Tudo começou no berço: nascida em 1970, em São Paulo, cresci num ambiente familiar coletivo onde dividir o pouco era mais natural que acumular. A Teologia da Libertação moldou minha formação religiosa — não como doutrina, mas como prática viva. As atividades culturais e formativas gratuitas que frequentei não eram apenas entretenimento; eram sementes de uma consciência que floresceria depois: a de que dignidade não se implora, se constrói coletivamente.
Minha mãe, ao me conduzir ao Magistério (concluído em 1988), plantou em mim a crença na educação como alavanca de transformação. Mas foi na Pedagogia pela PUC-SP (1989-1992) e na especialização em Educação para Deficientes da Áudio Comunicação que a ficha começou a cair: direitos humanos são, antes de tudo, reconhecer que o outro existe em sua diferença e que essa diferença não é déficit — é potência.
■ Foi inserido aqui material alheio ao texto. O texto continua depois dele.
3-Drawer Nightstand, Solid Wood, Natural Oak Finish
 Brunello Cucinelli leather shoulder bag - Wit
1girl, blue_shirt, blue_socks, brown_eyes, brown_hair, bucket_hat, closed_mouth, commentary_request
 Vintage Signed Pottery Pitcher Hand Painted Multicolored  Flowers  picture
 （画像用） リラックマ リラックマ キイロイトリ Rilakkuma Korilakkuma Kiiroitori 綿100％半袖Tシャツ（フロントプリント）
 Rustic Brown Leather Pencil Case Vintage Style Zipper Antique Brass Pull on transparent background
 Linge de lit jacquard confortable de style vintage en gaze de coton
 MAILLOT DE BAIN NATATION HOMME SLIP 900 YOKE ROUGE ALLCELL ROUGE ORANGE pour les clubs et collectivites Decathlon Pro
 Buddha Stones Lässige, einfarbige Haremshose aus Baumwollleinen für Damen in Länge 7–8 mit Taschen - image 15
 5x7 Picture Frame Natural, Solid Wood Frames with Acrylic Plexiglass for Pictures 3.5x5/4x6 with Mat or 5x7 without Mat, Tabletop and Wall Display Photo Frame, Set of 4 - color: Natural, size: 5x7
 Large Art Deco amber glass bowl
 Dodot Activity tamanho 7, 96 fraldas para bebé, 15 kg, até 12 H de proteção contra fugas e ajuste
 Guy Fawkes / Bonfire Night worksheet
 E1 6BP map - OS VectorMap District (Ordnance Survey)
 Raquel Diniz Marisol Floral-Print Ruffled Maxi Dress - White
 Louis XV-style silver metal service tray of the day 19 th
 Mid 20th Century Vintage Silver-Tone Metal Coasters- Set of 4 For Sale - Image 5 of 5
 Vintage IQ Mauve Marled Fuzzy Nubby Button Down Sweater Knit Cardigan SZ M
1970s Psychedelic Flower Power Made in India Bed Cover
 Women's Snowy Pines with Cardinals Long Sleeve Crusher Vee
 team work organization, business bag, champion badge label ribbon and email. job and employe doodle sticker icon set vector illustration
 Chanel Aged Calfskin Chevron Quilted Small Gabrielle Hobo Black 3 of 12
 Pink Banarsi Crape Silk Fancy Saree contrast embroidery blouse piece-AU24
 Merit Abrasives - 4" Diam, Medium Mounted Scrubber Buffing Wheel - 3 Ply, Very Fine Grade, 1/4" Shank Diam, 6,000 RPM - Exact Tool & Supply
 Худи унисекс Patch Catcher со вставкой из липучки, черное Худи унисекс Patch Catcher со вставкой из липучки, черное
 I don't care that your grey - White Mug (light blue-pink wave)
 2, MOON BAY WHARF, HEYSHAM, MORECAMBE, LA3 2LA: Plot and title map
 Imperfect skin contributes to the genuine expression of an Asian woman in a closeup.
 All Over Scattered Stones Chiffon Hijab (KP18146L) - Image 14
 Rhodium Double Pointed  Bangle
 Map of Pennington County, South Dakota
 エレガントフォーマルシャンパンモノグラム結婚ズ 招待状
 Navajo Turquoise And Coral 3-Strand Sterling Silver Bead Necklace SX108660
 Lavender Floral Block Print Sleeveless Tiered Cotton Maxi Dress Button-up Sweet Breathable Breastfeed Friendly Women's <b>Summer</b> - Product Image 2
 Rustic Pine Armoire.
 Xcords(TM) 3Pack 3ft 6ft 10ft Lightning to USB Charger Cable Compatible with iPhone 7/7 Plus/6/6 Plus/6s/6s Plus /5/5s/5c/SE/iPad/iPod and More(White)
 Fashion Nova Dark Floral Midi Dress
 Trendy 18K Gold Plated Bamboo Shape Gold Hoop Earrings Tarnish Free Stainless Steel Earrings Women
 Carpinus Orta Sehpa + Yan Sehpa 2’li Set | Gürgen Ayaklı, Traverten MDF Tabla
Foram 23 anos na Rede Municipal de Ensino de São Paulo (1990-2012), sendo 13 deles dedicados às Escolas Municipais Bilíngues para Surdos. Ali, aprendi na prática que acessibilidade não é favor, é direito. Cada aluno surdo me ensinou que a comunicação transcende sons — e que excluir é uma escolha, assim como incluir também é.
Quando migrei para a assessoria parlamentar na Câmara Municipal (2013-2024), mergulhei no universo das políticas públicas. Educação, direitos humanos, assistência social — esses eixos me mostraram que o direito não está nos livros, mas nas vidas que a lei alcança (ou deixa de alcançar). Vi de perto como a burocracia pode ser violenta e como o afeto na política é revolucionário.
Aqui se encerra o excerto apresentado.